I know some people wouldn't agree with me but IMO spending a week in NY City in late June/early August is a waste of your time and money. I wouldn't survive more than a couple of days ! Why not get a week at a nice Marriott Fairways resort in Galloway Twnsh, NJ and visit Philadelphia (one hr. away) the NJ coast and Atlantic City. Getting an exchange anywhere on the east coast for the first week of July will be very, very tough. You will be lucky to get a decent exchange on Cape Cod but keep in mind there is a very limited number of oceanfront timeshares. Rhode Island is very nice but also very difficult to get in the summer and very expensive to rent. If you have some flexibility in terms of dates you may do better to schedule your trip before school summer holidays. Oh, and skip Niagra Falls, too far, too commercial. Good luck.


----------



## mck (Aug 11, 2010)

Thanks Kola!

When do the school summer holidays start/finish?
Schools here don't break up until the end of July!

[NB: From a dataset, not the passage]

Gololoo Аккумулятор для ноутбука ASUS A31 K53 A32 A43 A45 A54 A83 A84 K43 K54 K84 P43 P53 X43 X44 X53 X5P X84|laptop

We could always postpone our trip til September I suppose. What would the weather be like then?


----------



## jaym (Aug 11, 2010)

mck said:


> Thanks Kola!
> 
> When do the school summer holidays start/finish?
> Schools here don't break up until the end of July!
> ...



 Primary schools usually finish the year around last week of June or so around here, at least in Massachusetts. Generally never extend much beyond that if snow days were added to the year. Colleges wrap up around mid-May or so. 
 September in Boston and many parts of New England can provide some excellent weather. One of my favorite times of year in New England.
You may find bright, dry days, and cool nights requiring only a light jacket or sweater. Of course, that's if not experiencing a wave of hurricane remnants or actual full blown storms (rare) across the region. That's NE, never know what to expect so be prepared for anything!
Also, note that September is the start of peak foilage (leaf peepers) season in the north, NH and VT, so better strategy might be to plan on visiting Cape Cod and/or other southern coastal areas of New England if you decide to visit after Labor Day. Beautiful and accessible, good rates.  
If you do postpone until September, I would also consider moving your focus further south to Washington D.C. and possibly Philadelphia where there are an abundance of locations, museums, historical, boat tours, shopping, etc. Temperatures moderate, more enjoyable for touring....just ask anyone from the area as they are enduring a very hot summer.  Enjoy planning!


----------



## Kola (Aug 11, 2010)

mck said:


> Thanks Kola!
> 
> When do the school summer holidays start/finish?
> Schools here don't break up until the end of July!
> ...



You already got one response to that question ("Primary schools usually finish the year around last week of June or so around here, at least in Massachusetts...")  This is a general rule but I would say that each state has somewhat different rules.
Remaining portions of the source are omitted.